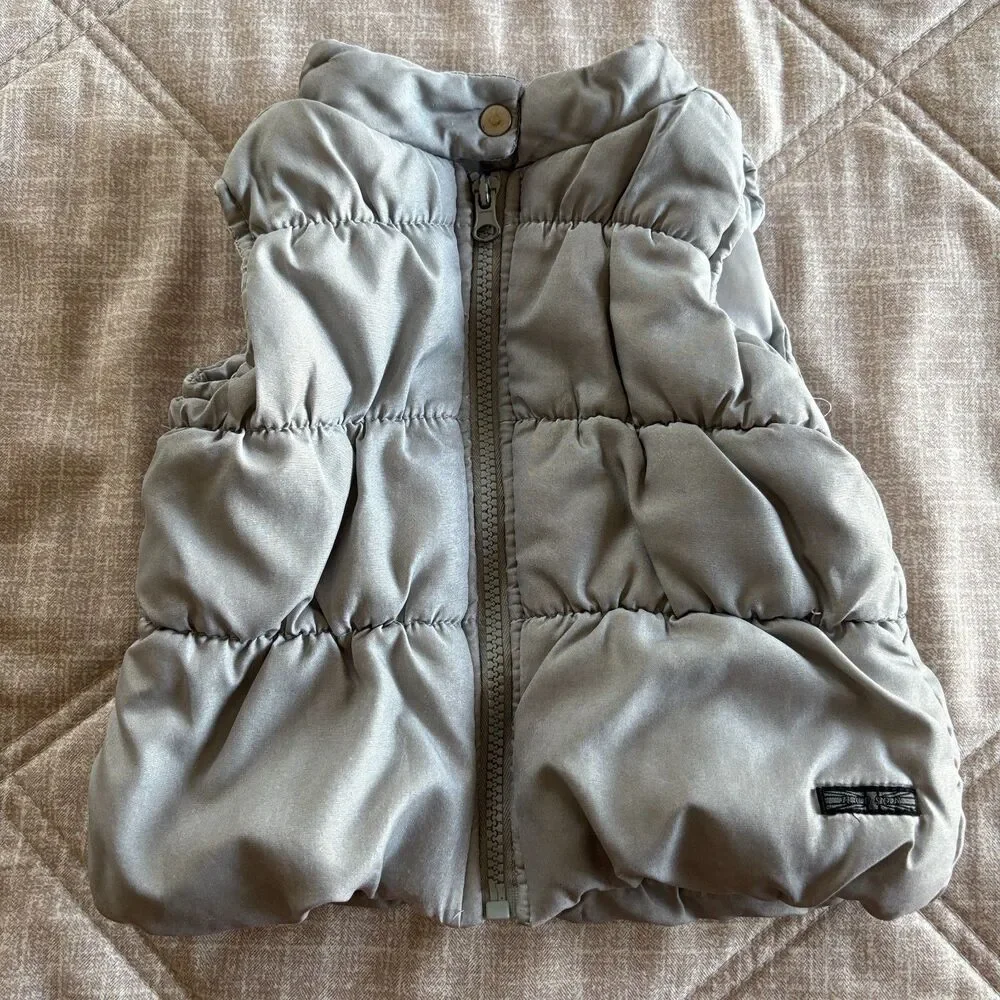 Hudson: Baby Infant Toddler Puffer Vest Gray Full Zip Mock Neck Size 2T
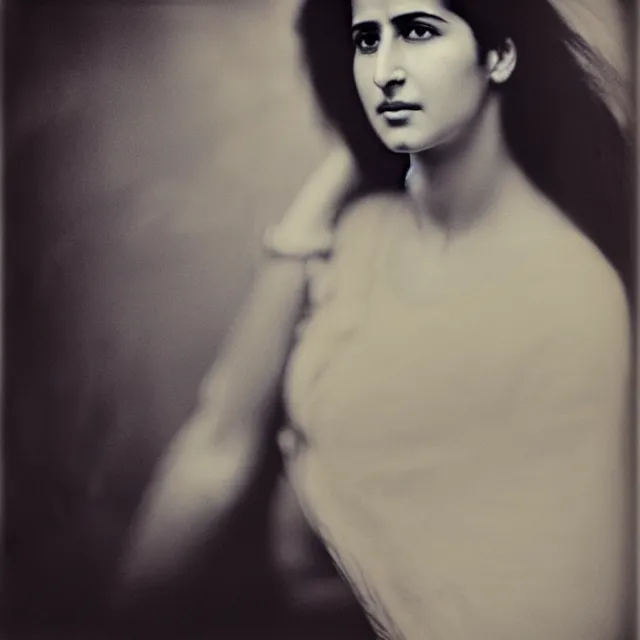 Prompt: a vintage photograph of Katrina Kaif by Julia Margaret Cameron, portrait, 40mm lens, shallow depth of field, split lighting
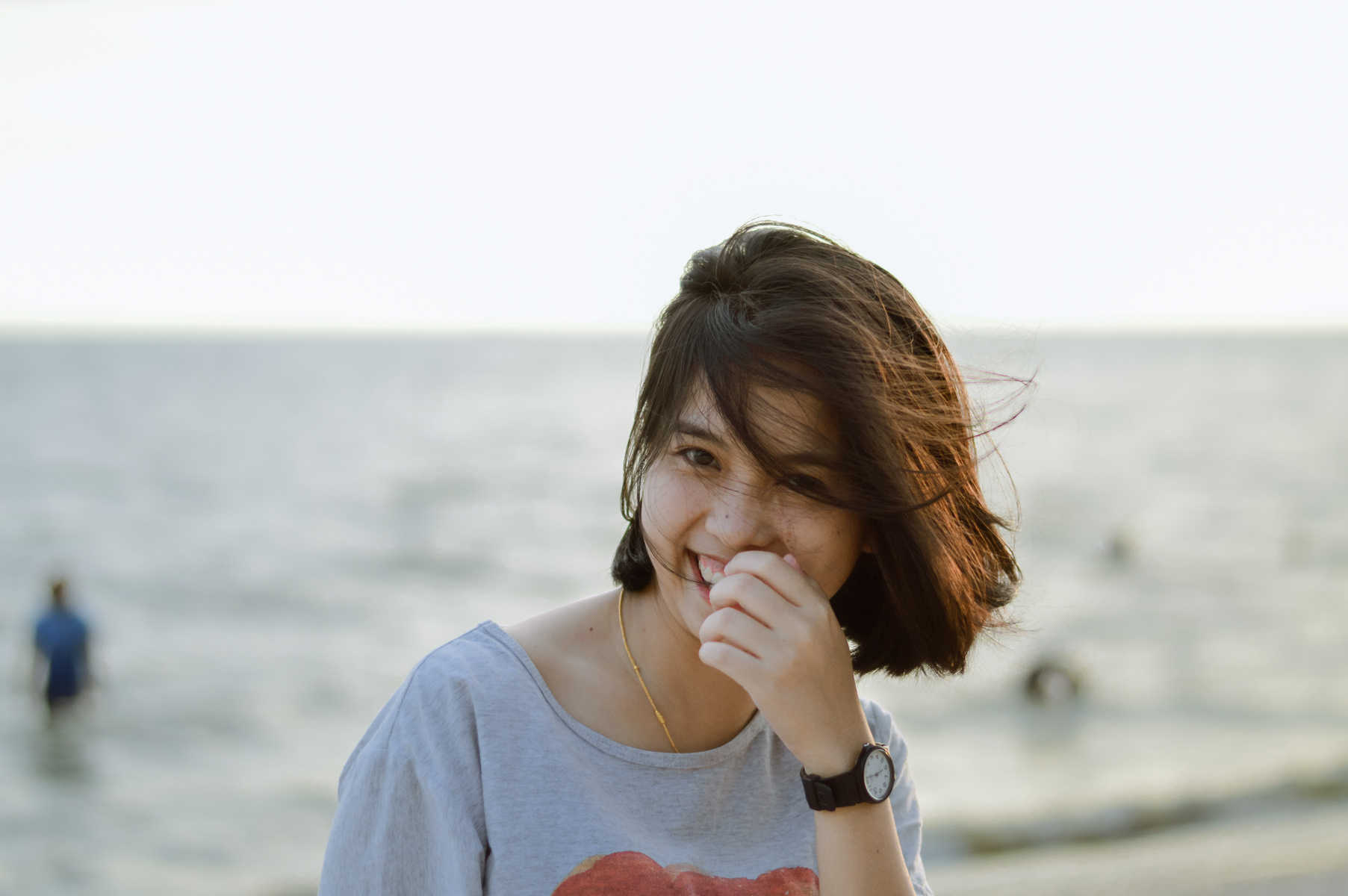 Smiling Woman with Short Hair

= = = =

## TASK PROMPT:
Could you transcribe exactly the lines running from the one with "Prompt: a vintage" to the final line of the material above, both included, with no pictures?

## EXERCISE ANSWER:
 Prompt: a vintage photograph of Katrina Kaif by Julia Margaret Cameron, portrait, 40mm lens, shallow depth of field, split lighting
 Smiling Woman with Short Hair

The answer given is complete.